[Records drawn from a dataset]
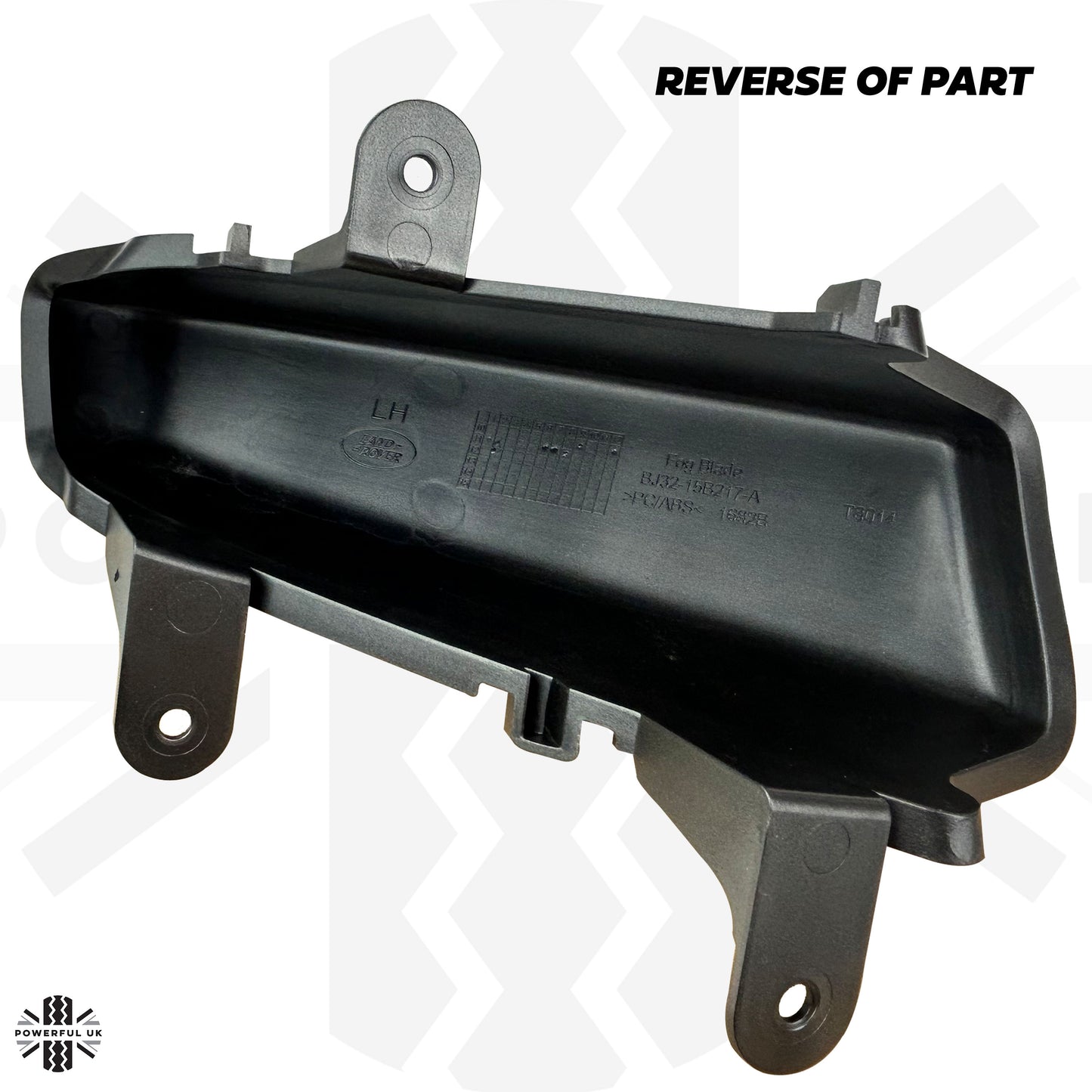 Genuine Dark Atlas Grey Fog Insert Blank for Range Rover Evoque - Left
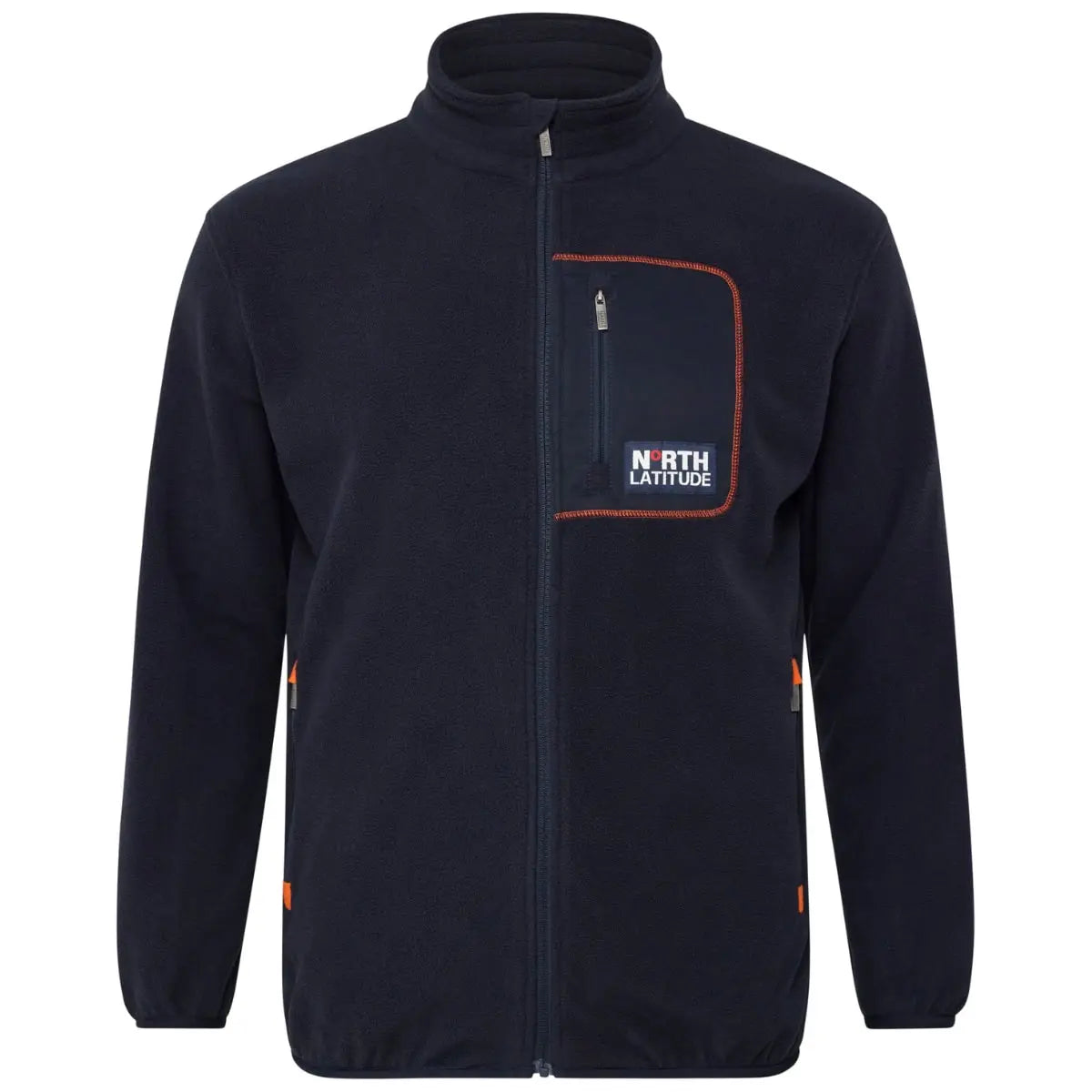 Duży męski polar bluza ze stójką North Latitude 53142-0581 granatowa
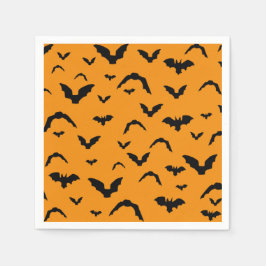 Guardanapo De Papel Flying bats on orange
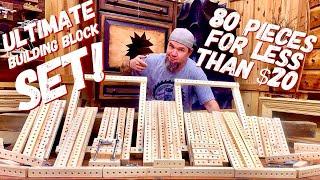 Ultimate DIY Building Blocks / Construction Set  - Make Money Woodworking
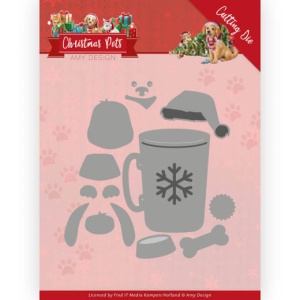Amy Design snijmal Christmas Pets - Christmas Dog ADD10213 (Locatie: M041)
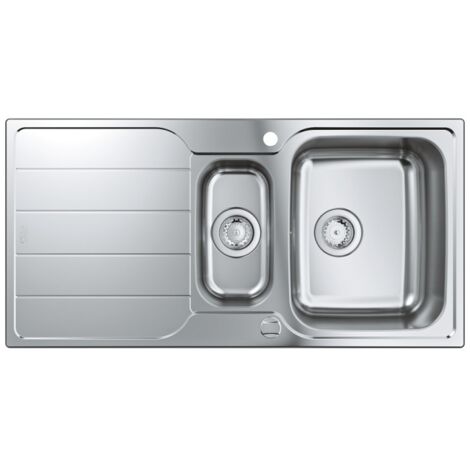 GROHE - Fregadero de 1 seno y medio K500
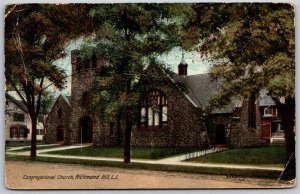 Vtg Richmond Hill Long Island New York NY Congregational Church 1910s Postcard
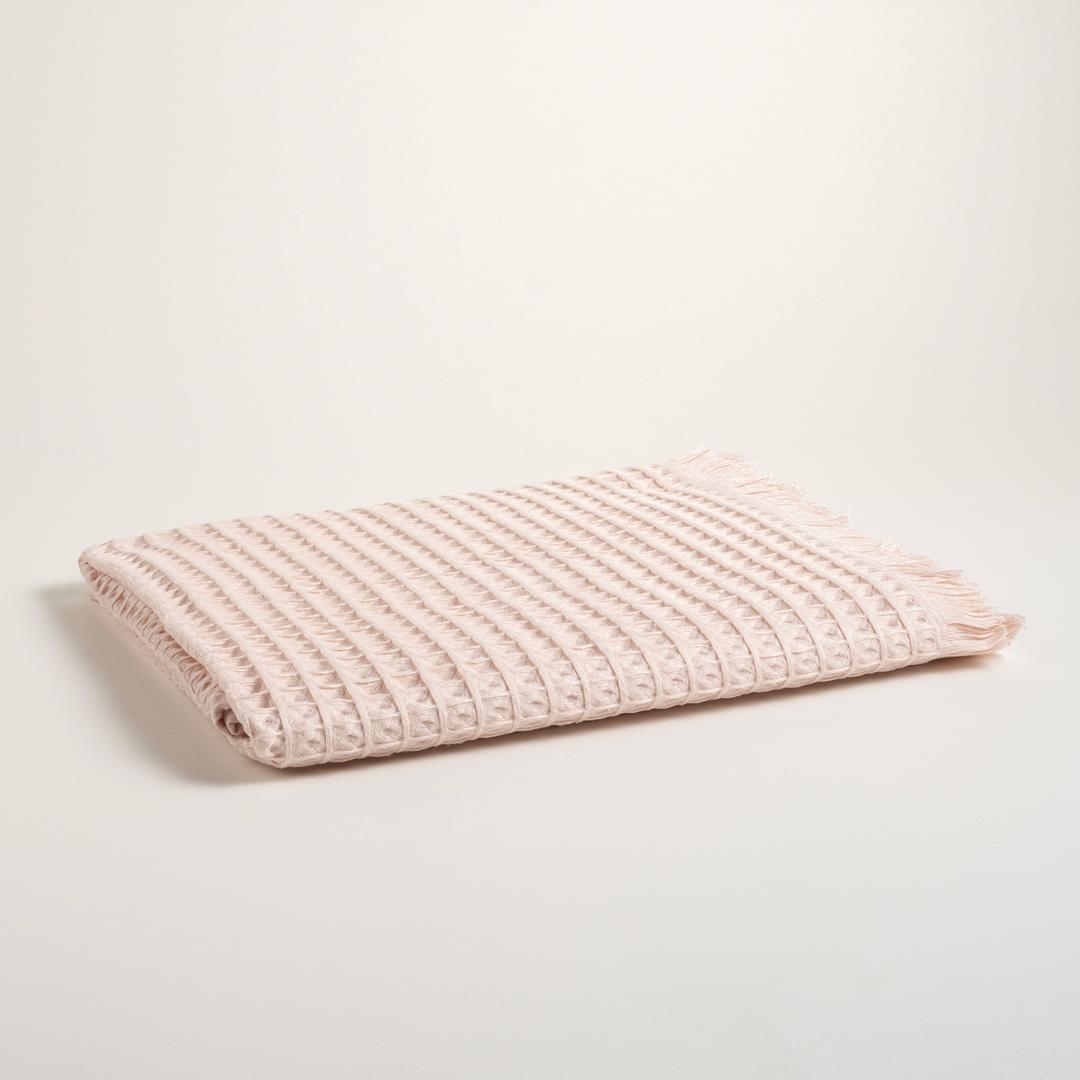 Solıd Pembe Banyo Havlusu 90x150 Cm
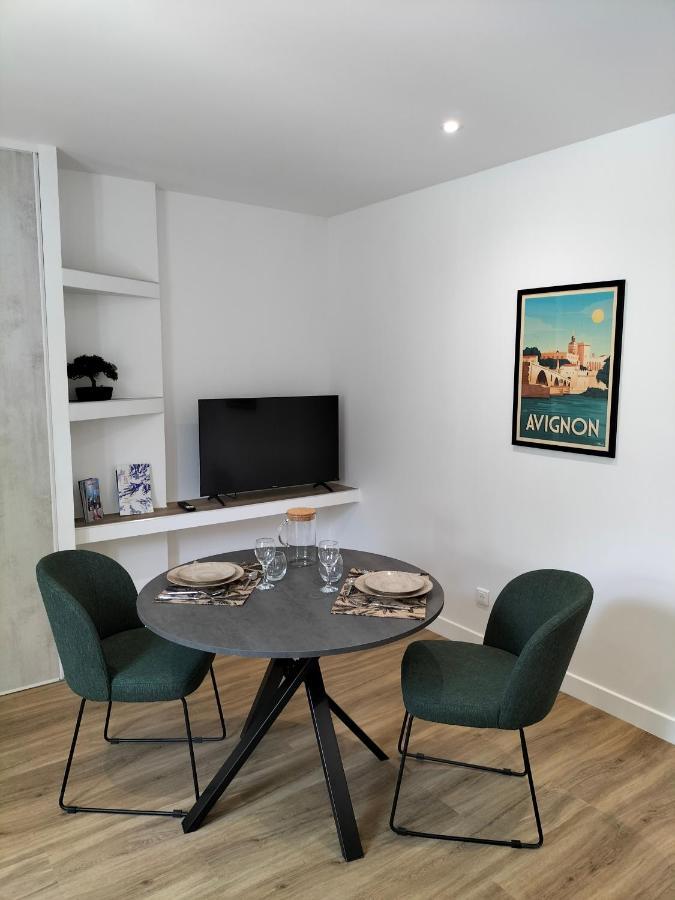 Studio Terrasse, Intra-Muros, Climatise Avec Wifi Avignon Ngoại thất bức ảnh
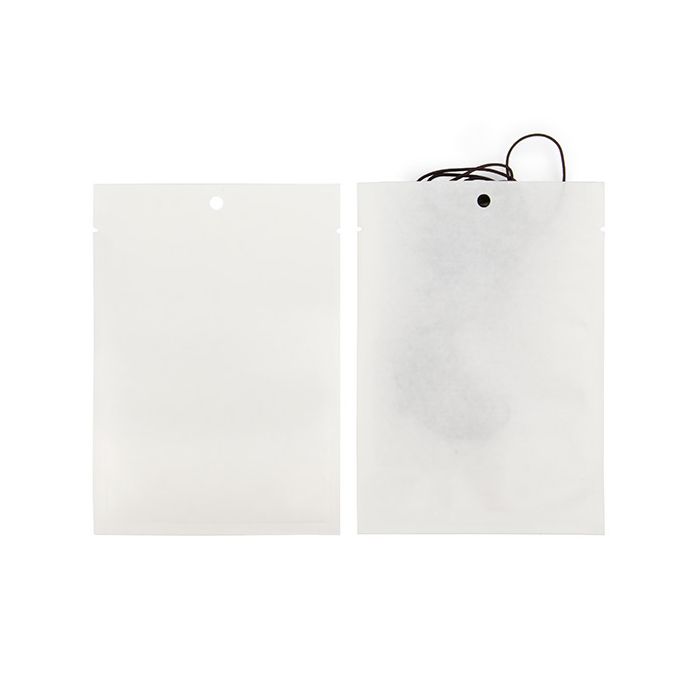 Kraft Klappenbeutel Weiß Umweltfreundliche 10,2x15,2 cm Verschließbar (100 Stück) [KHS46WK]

Aim of the task> A verbatim copy of every entry above, with no pictures, is the expected output.

Result of the task>
 Genuine Dark Atlas Grey Fog Insert Blank for Range Rover Evoque - Left
 Duży męski polar bluza ze stójką North Latitude 53142-0581 granatowa
 Guardanapo De Papel Flying bats on orange
 Ultimate DIY Building Blocks / Construction Set  - Make Money Woodworking
Amy Design snijmal Christmas Pets - Christmas Dog ADD10213 (Locatie: M041)
 GROHE - Fregadero de 1 seno y medio K500
 Vtg Richmond Hill Long Island New York NY Congregational Church 1910s Postcard
 Solıd Pembe Banyo Havlusu 90x150 Cm
 Studio Terrasse, Intra-Muros, Climatise Avec Wifi Avignon Ngoại thất bức ảnh
 Kraft Klappenbeutel Weiß Umweltfreundliche 10,2x15,2 cm Verschließbar (100 Stück) [KHS46WK]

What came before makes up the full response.